Aunt Mary Adeline “Ann” Ralston was the daughter of Robert & Rosanna (Glasgow) Ralston. She was born in 1845 on “The Ridge” and was Victoria’s mother’s first cousin. Mary Ann married Wm “Billy” Baldridge McCreight, son of Jonathan & Isabel Jane (Pyles) McCreight. Billy was a member of Company E. of the O.V.I. in the Civil War of which he was very proud. Uncle Billy chewed tobacco and loved to tell Civil War stories. Uncle Billy and Aunt Mary Ann had several exotic animals e.g. peacocks on their farm. They eventually lost their farm and had to move in with their daughter, Elsie. Elsie had taught school before marrying Adam Richter in 1903. They lived near Buena Vista in Adams County, Ohio. In 1908 after five years of marriage, Elsie passed away. Uncle Billy died in 1916 and Mary Ann followed in 1923. They are all buried in the Tranquility cemetery. Mary Ann lived to see the loss of her family’s homestead, the death of her beloved husband and both of her children. What great sorrow she bore!

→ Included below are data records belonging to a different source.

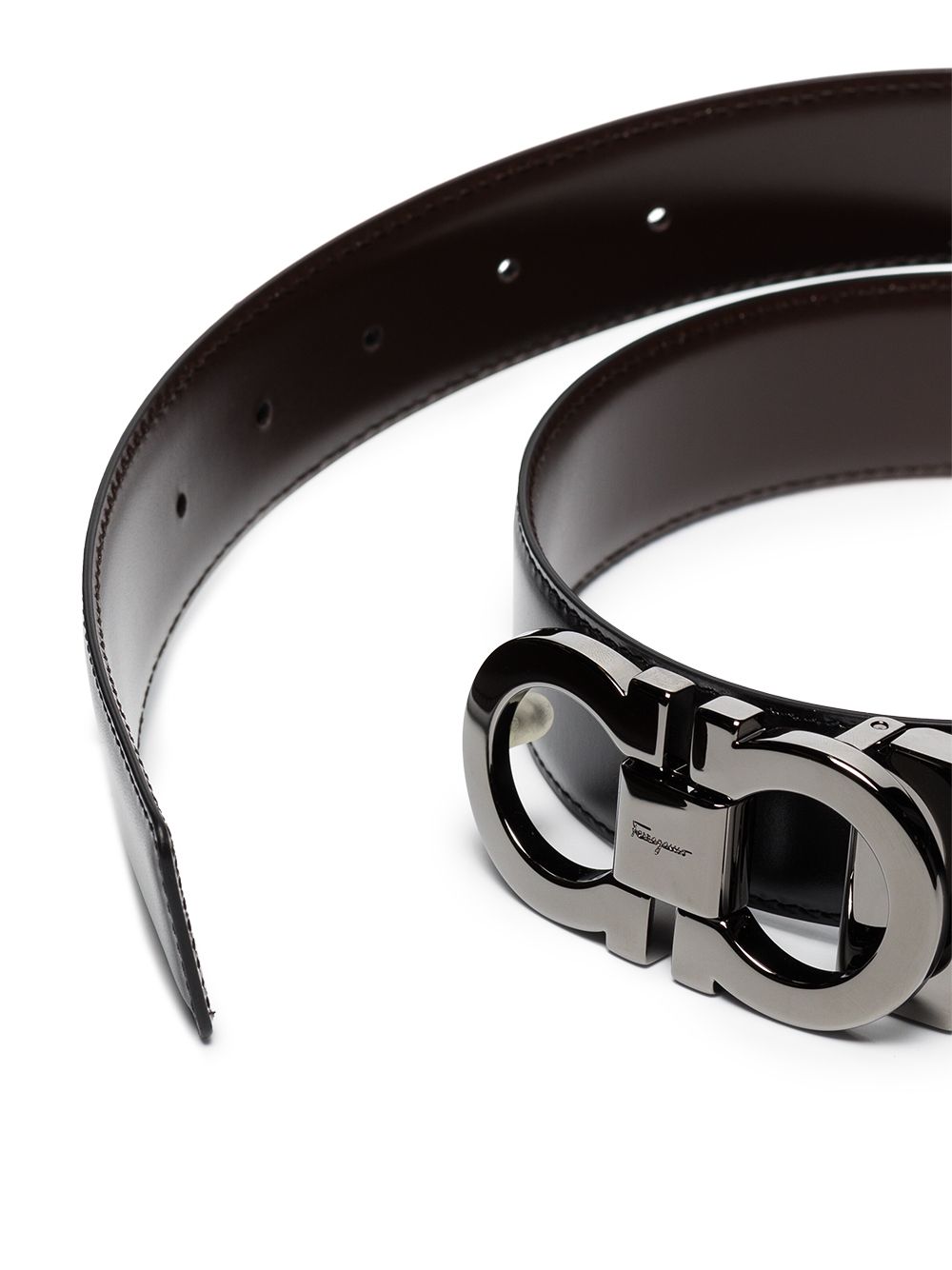 Ferragamo Belts - Nero auburn | 628acf4bb897b9ec339cfde86acef7629469747d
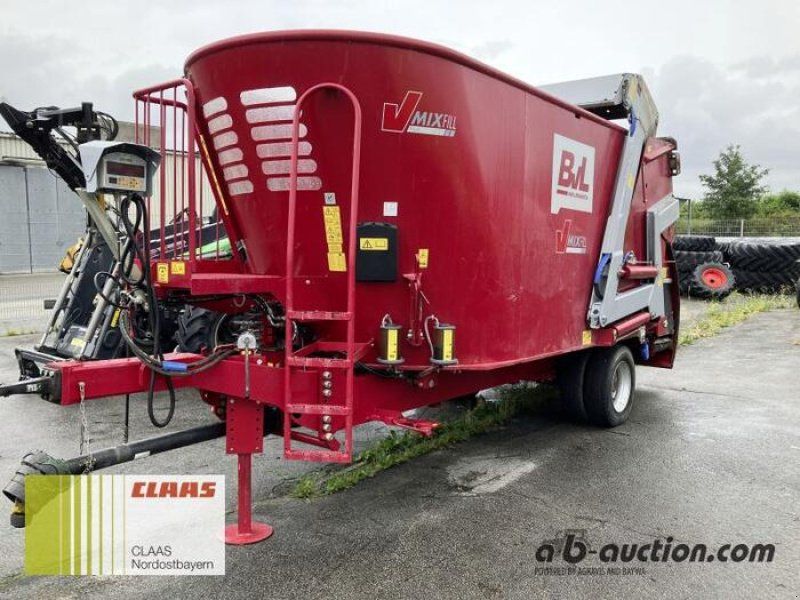 Van Lengerich V-MIX FILL 15-2S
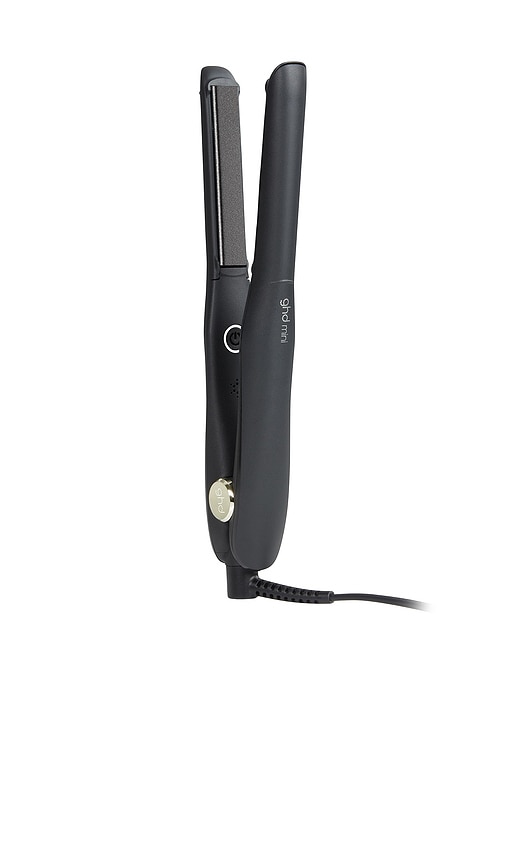 Gold Mini 2.0 Styler in Black.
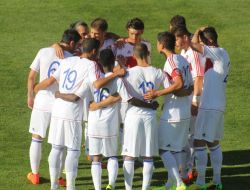 Kardemir Karabükspor Hazırlıklarını Sürdürüyor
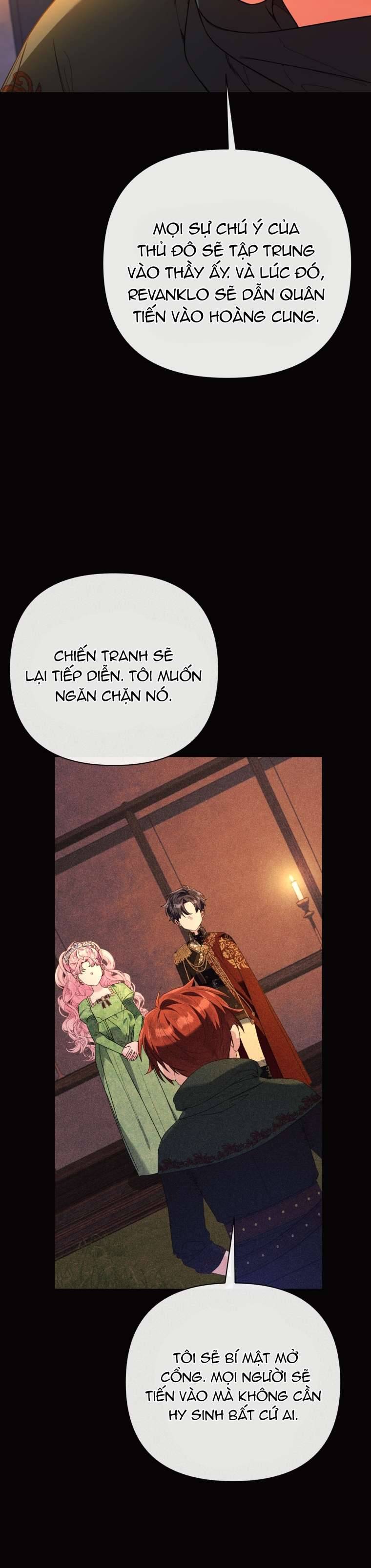 Thà Là Để Tôi Trở Thành Nữ Hoàng Chapter 46 - Next Chapter 47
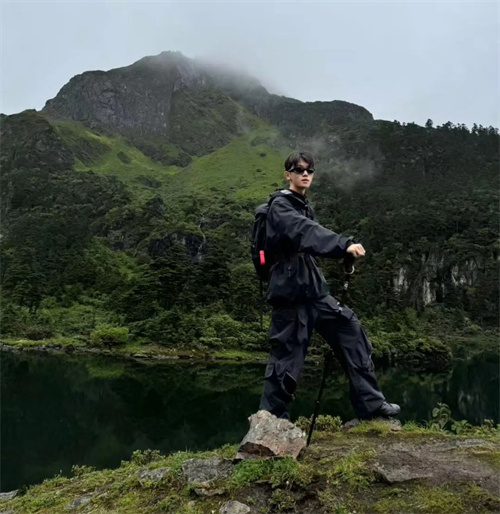 電子科技大學(xué)國際課程中心學(xué)子風(fēng)采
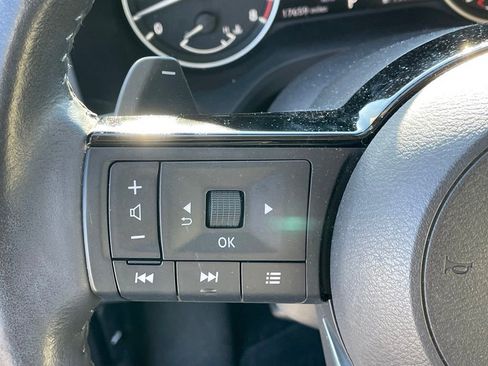 Certified 2023 Nissan Rogue SL AWD/4WD image 17
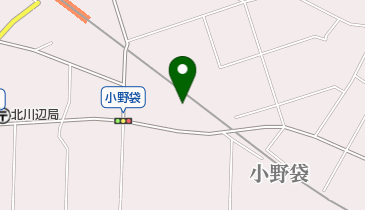 下田整骨院の地図画像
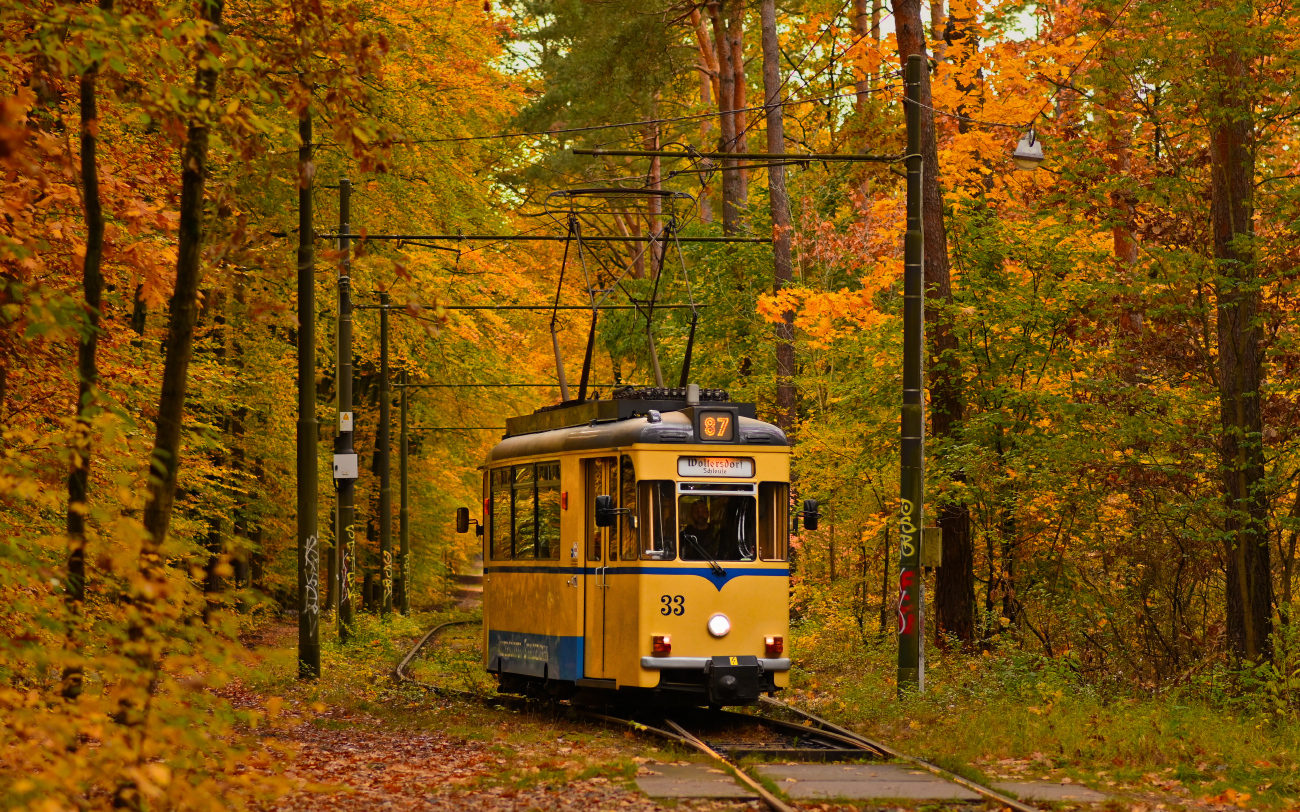 Вольтерсдорф, Gotha T57 № 33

Idelma “Dell” Wickerham (1891-1988) (Ellis and Lena’s first cousin) was the son of Cargill (Victoria and Lois Ann’s brother) and Mary Elizabeth (Sharp) Wickerham. Mary Elizabeth’s grandfather, Daniel Sharpe (1791-1875) was a Conductor on the Underground Railroad. Mary Elizabeth’s aunt, if you remember, was Rhoda Sharpe who eloped with James Mitchell in Chapter 12. That would make Mary Elizabeth and Mary (Wickerham) Newman’s mother, LuLu Belle (Sharpe) Wickerham first cousins, but who is keeping track of all this. LOL! I know several of you are.